1. The Olympic bodies’ original decision making in determining the design and nature of the Stadium built for the Games and what thought was given to how the Stadium would be used post-Games

2. The decision making of LLDC and its forebears in the tendering for and delivery of the Stadium transformation in light of the original design and its legacy objectives

3. Decisions pertaining to the current operational arrangement for the Stadium, including those made by LLDC, LB Newham and E20 Stadium LLP, and those taken by Her Majesty’s Government and the GLA such as hosting the 2015 Rugby World Cup and the 2017 World Athletics.

Moore Stephen’s project plan is for a draft report to be presented to the GLA in June 2017. The report will then be finalised and a public report made available to the public later in the summer.

Whether £140,000 is a good use of taxpayers money to tell us what we already know is a valid question but Moore Stephens seems an odd choice as they have been regular auditors for the LLDC and were involved in the stadium transformation itself.

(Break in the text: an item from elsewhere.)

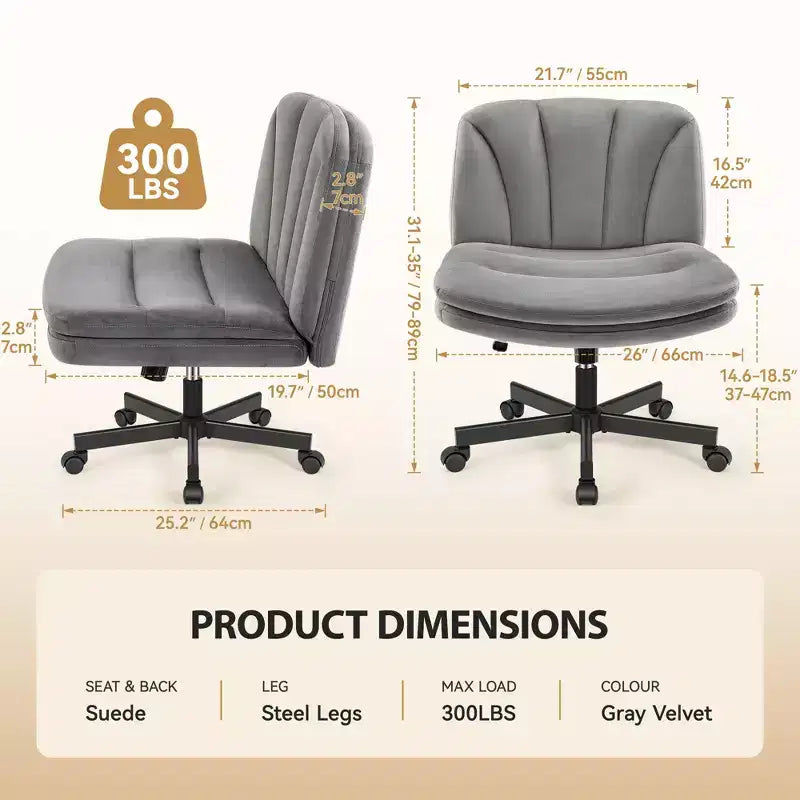 Chaise de Bureau KERDOM à Pieds Croisés, Chaise de Bureau sans Accoudoirs Réglable avec Assise Large, Tissu Velours, Gris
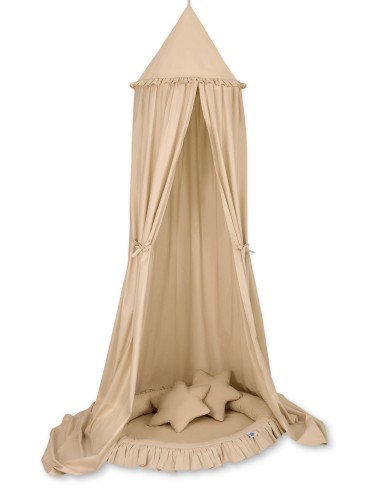 Set: Hanging canopy + Nest with flounce + pillows - beige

In 2013 they audited the LLDC for change control, project management and business cases in relation to the Queen Elizabeth Olympic Park and these reports are still in the public domain. In 2015 they were involved with the Mayor’s office to audit the London Stadium transformation project. They gave a green light to the project in
April 2015 in another public document which is still online.

It all seems rather strange but then again it is politics at the heart of this investigation.

The Stadium operators budget and business case has been shot to pieces, they under estimated the number of stewards, the cost of policing and extra security costs. The lack of a Stadium naming rights partner for the first season has cost them big also. Budget projections from the LLDC suggest they will lose £8.4m in operating costs in the stadium 2017/2018 with a loss of £5.4m in operating costs in 2018/2019. They are predicted to lose £35m this year.

Gone are the days of a business plan which suggested a £250,000 profit each year to the taxpayer. At the time there was an outcry it was only £250,000!

As a side note, the stadium owners are thought to be on the brink of announcing paying London Living Wage for all sub contractors working the London stadium which increase running costs yet again by at least another £250,000 per year.

We shall wait and see the outcome of the report but I could have saved them the money as I can almost guarantee what the report will say.